Goal of the exercise:
The answer is to be an exact copy of the lines below running from the line with "Beige sweatshirt with" down to the line with "A Dozen Lavender", both ends included, and nothing more.

Raw data:

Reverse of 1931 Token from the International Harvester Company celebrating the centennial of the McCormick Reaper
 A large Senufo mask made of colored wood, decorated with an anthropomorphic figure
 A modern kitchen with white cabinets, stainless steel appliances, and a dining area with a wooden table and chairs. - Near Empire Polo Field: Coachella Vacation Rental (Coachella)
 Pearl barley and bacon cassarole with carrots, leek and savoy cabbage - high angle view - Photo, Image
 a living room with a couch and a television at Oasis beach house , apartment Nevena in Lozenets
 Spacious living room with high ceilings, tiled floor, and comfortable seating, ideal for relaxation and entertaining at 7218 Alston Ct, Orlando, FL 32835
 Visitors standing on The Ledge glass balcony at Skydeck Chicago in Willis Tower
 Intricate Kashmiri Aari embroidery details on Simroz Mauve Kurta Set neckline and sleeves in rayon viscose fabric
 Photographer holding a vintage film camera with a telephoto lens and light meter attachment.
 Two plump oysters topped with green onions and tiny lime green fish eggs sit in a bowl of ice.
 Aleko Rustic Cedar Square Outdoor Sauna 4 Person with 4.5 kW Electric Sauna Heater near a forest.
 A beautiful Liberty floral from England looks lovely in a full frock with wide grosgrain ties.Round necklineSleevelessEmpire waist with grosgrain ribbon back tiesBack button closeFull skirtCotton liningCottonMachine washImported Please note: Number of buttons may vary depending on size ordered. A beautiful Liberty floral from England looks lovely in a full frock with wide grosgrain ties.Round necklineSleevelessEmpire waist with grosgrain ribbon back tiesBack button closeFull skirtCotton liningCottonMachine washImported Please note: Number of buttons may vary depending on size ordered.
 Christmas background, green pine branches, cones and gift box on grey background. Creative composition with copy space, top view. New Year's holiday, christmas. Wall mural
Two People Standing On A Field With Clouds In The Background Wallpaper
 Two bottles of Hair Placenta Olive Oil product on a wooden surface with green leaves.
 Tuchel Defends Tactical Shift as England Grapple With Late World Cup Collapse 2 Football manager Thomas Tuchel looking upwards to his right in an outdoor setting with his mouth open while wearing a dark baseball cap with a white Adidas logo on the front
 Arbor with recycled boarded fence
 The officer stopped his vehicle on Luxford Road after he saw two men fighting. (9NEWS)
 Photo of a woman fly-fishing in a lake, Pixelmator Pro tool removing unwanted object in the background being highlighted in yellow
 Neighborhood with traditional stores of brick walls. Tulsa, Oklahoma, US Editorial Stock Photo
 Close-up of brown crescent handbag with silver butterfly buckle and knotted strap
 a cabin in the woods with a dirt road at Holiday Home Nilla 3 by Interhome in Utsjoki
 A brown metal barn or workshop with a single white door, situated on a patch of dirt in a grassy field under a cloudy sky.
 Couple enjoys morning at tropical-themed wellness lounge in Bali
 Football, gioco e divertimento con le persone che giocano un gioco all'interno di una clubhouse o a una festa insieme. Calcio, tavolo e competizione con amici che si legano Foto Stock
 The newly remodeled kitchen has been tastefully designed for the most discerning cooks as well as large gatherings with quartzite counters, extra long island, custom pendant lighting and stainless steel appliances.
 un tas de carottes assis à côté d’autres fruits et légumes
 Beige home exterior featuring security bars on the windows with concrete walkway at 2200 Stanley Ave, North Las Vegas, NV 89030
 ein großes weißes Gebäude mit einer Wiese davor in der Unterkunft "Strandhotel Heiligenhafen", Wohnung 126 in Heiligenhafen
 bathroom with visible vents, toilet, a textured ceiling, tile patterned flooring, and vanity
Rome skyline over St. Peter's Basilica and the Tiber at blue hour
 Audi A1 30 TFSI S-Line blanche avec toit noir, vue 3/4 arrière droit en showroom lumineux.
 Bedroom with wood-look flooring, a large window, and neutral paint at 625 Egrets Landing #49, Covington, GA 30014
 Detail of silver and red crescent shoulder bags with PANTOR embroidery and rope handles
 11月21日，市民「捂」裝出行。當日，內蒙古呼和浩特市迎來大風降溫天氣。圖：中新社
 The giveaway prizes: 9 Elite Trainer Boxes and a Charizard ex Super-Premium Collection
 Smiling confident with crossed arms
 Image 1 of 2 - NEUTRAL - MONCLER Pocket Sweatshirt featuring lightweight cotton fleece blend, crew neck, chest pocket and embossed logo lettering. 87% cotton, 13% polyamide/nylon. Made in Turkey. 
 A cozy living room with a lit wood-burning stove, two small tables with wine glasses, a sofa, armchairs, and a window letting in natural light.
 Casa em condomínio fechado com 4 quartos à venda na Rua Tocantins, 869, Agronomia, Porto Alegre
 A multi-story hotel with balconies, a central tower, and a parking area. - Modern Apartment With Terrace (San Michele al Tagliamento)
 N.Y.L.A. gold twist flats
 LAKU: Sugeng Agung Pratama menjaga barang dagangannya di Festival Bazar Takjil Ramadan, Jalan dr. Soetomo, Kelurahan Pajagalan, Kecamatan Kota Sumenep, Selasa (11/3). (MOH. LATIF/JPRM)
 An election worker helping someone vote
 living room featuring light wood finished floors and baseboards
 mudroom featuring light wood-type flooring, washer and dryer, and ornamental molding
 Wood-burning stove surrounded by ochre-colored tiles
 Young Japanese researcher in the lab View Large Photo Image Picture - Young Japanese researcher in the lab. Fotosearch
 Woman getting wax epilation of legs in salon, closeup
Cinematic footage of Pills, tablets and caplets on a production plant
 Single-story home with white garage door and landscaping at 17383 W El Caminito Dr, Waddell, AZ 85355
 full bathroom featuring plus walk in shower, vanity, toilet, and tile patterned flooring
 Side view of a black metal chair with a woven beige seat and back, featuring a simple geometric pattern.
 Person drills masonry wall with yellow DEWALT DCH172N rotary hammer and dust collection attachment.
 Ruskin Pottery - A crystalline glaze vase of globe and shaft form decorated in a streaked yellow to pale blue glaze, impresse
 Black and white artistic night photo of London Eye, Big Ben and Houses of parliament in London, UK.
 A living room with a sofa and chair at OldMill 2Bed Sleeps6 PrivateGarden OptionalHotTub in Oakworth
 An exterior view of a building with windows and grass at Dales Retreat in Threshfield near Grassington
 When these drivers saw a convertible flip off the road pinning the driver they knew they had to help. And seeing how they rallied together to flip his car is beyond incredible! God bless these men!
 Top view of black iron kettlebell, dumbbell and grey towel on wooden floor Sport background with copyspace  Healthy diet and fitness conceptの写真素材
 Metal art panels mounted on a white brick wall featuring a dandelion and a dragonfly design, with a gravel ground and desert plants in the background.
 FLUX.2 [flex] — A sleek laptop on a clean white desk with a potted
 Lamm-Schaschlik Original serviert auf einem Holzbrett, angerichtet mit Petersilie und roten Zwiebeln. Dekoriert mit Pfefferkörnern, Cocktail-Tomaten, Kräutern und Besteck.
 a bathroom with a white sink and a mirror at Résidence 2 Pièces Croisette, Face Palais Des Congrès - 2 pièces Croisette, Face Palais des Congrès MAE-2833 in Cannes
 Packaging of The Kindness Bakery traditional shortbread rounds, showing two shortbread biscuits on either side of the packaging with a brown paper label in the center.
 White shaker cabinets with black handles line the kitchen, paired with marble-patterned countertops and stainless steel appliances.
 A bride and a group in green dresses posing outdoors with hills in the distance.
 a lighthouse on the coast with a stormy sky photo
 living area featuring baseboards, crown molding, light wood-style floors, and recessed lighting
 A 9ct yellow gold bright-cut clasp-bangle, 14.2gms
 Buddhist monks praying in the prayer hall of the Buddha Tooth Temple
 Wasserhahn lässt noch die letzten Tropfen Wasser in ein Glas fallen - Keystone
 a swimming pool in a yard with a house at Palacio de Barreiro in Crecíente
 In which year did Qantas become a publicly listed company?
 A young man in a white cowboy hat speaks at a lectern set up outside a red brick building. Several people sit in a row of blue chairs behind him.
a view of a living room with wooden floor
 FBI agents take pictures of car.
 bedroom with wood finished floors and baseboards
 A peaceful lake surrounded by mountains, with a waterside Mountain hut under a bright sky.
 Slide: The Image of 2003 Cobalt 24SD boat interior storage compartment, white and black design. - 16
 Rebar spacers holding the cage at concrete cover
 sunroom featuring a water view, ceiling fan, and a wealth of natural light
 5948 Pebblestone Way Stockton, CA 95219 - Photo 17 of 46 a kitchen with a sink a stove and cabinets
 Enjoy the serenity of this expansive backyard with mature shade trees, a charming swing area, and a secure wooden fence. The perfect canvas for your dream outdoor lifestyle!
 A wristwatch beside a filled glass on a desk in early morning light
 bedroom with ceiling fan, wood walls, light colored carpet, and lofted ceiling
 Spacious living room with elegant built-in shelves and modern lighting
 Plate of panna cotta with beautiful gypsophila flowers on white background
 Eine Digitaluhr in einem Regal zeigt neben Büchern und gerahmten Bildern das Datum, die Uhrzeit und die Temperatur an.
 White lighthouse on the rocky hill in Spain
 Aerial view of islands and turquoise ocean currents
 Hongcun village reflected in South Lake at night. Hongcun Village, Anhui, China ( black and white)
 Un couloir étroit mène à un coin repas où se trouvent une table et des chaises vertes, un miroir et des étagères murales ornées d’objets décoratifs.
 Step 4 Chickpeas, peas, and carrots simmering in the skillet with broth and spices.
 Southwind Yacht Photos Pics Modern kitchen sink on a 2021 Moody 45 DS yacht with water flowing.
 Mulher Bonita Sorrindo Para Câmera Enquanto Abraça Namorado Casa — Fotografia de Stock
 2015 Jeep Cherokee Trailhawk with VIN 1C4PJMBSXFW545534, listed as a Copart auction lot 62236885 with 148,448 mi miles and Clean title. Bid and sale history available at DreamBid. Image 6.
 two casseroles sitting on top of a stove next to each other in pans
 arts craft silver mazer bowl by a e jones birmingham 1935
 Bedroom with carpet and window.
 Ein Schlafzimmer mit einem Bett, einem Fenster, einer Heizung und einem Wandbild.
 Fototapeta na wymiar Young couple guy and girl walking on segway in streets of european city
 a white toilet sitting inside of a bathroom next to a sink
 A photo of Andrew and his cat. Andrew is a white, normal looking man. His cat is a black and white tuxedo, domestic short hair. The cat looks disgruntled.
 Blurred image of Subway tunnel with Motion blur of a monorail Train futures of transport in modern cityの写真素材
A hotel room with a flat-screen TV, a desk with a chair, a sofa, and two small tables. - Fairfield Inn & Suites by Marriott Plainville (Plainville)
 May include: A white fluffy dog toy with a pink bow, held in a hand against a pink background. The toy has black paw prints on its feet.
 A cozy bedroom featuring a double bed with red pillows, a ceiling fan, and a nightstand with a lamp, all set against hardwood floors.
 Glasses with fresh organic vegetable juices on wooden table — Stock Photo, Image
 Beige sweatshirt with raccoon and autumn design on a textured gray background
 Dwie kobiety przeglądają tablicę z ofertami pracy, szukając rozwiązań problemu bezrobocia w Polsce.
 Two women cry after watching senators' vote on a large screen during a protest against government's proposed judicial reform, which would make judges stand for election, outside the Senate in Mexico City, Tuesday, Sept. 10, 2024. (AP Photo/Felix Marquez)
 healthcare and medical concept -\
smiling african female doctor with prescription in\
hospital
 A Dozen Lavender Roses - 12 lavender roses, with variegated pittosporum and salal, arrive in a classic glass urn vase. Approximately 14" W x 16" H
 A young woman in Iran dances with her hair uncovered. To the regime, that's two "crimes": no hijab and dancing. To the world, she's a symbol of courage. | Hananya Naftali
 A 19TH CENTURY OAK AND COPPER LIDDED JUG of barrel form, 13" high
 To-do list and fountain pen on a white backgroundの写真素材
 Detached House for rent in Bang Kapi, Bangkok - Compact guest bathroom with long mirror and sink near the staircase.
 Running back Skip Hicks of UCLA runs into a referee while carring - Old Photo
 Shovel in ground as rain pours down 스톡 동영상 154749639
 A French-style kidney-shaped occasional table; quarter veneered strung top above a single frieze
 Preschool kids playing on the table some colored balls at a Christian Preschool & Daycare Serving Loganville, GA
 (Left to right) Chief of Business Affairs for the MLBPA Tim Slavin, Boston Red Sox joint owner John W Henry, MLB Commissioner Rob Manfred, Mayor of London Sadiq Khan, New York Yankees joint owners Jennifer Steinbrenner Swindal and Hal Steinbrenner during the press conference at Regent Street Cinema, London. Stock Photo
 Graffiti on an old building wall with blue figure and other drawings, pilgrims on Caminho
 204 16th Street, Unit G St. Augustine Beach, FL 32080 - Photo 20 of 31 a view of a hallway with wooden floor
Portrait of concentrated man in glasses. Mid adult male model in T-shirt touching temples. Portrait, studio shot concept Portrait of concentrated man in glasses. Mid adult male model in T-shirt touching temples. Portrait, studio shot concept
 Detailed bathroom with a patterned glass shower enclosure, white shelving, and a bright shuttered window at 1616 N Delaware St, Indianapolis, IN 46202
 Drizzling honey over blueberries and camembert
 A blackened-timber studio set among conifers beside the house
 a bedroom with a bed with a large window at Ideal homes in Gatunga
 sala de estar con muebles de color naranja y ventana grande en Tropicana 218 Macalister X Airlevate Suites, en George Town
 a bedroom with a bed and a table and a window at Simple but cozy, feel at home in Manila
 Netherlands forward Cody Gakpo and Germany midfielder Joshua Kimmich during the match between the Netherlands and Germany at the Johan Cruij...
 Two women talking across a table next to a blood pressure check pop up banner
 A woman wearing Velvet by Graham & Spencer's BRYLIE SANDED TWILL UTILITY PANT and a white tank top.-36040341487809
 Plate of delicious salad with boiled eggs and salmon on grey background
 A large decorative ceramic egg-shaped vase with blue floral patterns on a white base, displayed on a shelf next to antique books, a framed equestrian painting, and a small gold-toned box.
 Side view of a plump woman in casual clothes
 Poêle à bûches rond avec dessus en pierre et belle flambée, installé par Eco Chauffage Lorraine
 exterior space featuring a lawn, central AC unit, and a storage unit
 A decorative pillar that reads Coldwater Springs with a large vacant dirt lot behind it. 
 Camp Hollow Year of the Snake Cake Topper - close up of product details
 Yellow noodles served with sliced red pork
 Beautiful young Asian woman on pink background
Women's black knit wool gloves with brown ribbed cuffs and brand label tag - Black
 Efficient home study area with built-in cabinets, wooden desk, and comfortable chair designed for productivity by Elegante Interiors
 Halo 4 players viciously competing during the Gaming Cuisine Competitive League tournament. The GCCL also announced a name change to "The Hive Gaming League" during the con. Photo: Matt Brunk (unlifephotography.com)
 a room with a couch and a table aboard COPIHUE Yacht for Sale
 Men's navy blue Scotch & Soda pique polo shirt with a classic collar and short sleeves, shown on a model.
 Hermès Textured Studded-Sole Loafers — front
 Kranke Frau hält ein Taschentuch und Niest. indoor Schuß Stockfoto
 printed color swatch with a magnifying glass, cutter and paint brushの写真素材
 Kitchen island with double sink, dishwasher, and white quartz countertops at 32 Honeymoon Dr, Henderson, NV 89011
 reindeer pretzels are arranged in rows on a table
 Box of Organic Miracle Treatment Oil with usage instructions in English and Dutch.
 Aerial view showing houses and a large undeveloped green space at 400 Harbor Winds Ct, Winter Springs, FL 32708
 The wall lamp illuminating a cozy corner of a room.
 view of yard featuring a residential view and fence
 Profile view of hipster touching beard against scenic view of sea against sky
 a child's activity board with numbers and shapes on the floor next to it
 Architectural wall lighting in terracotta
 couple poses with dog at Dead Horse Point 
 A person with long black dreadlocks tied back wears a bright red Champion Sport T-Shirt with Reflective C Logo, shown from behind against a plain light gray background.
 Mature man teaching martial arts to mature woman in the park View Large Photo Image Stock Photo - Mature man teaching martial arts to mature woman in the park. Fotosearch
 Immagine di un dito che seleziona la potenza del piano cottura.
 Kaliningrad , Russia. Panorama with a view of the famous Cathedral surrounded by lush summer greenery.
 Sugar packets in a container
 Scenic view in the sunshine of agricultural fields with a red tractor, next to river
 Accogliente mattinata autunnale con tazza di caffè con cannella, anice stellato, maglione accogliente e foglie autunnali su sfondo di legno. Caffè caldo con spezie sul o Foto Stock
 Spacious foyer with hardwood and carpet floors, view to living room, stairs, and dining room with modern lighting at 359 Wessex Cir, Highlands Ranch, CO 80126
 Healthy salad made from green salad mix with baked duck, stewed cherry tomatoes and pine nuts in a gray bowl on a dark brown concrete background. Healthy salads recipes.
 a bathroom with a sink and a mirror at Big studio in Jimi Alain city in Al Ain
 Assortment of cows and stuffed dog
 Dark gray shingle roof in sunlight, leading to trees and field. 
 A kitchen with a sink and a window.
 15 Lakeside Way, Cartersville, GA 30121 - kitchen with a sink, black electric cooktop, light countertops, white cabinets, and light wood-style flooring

Solution for this problem:
 Beige sweatshirt with raccoon and autumn design on a textured gray background
 Dwie kobiety przeglądają tablicę z ofertami pracy, szukając rozwiązań problemu bezrobocia w Polsce.
 Two women cry after watching senators' vote on a large screen during a protest against government's proposed judicial reform, which would make judges stand for election, outside the Senate in Mexico City, Tuesday, Sept. 10, 2024. (AP Photo/Felix Marquez)
 healthcare and medical concept -\
smiling african female doctor with prescription in\
hospital
 A Dozen Lavender Roses - 12 lavender roses, with variegated pittosporum and salal, arrive in a classic glass urn vase. Approximately 14" W x 16" H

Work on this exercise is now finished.